On Tuesday, May 26, 2015, Members of Provincial Parliament from all three parties voted to pass Ontario’s Making Healthy Choices Act, 2015, which will enact the Healthy Menu Choices Act (the Act). The Act will come into force on January 1, 2017. Restaurant chains and other food service providers with 20 or more locations operating under the same (or substantially the same) name in Ontario will need to make changes to the information they display on menus, menu boards and displays regarding standard food and drink items. The Act will have broad application, applying not only to quick service restaurants, but also convenience stores, grocery stores, movie theaters or other businesses that prepare meals for immediate consumption, either on the premises or elsewhere. We previously wrote about the requirements and potential impacts of the Act in an Osler Update in December 2014.

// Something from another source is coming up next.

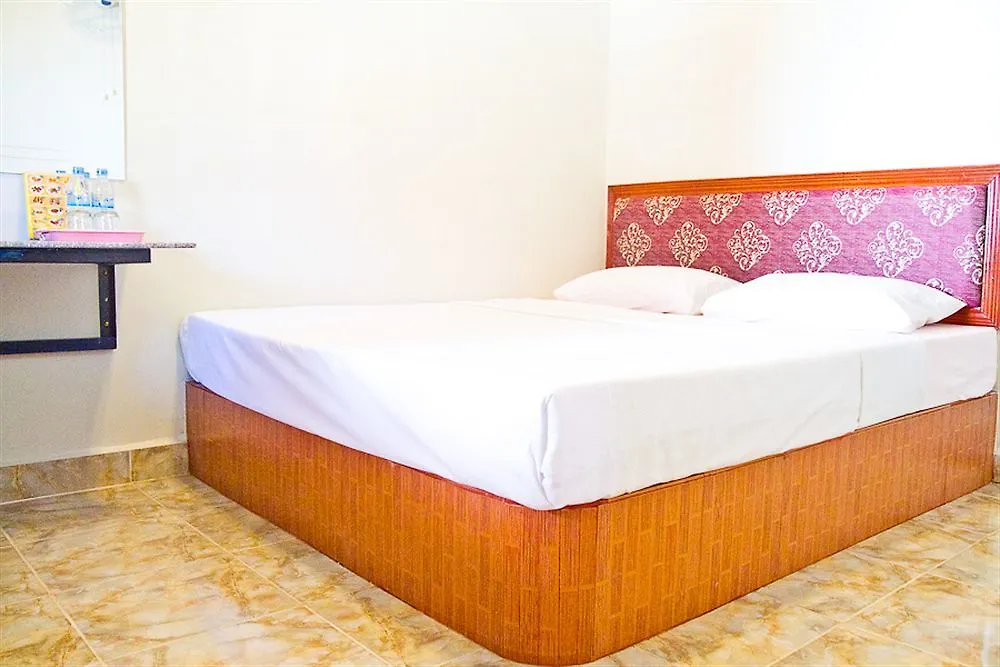 Zana Beach Guesthouse シアヌークビル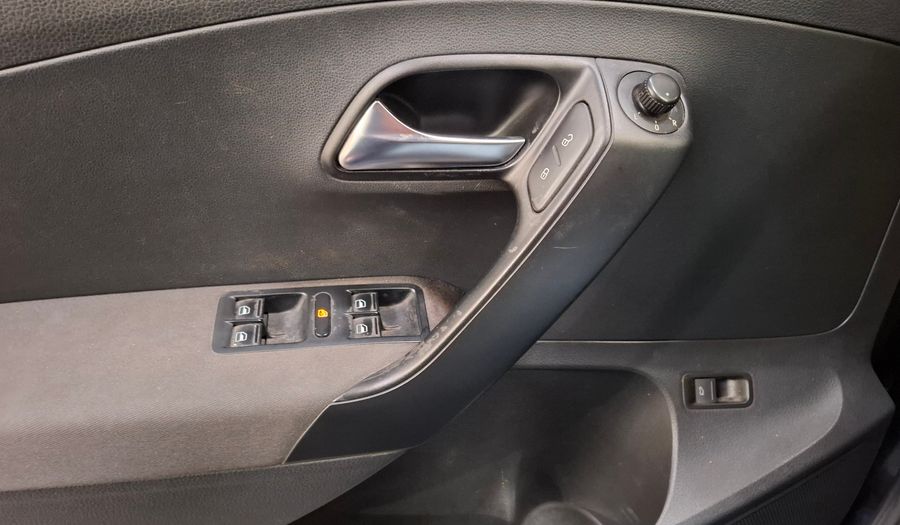 Volkswagen Polo 1.6 COMFORTLINE TIPTRONIC Sedan 2015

Specific Application to Franchisors
In its original version, the then proposed Act specifically included franchisors in the definition of a “person who owns or operates a regulated food service premise.” The manner in which the definition was originally drafted created some uncertainty in the franchise industry regarding whether the inclusion of “franchisor” in the definition could mean that both the franchisor and its franchisee(s) could be found liable for a franchisee’s failure to comply with the Act.
At the committee stage, the Act was amended to provide that a person who owns or operates a regulated food service premise means a “person who has responsibility for and control over the activities carried on at the regulated food service premise, and may include a franchisor a licensor, a person who owns or operates a regulated food service premise through a subsidiary and a manager of a regulated food service premise, but does not include an employee who works at a regulated food service premise but is not a manager.” While it is too early to know with certainty how this definition will be interpreted, it appears that a franchisor’s exposure to liability for compliance with the Act will likely be tied to the level of control (if any) it has over the activities carried on at the regulated food service premise.
Consequences of Non-Compliance
Penalties for non-compliance have been set for corporations at $5,000 for each day on which there is non-compliance for a first offence and a fine of up to $10,000 per day for any second or subsequent offence. Liability is extended to directors and officers of a non- compliant corporation where such director or officer fails to take all reasonable care to ensure compliance with the legislation. The penalties for non-compliant individuals are set at $500 for each day on which there is non-compliance for a first offence and up to $1,000 per day for a second or subsequent offence.
The Act does not create a private right of action, but it also does not expressly pre-empt consumer claims grounded in misrepresentation or other tort claims, and so it remains to be seen whether the Act will herald increased litigation risk for companies operating in the food services industry.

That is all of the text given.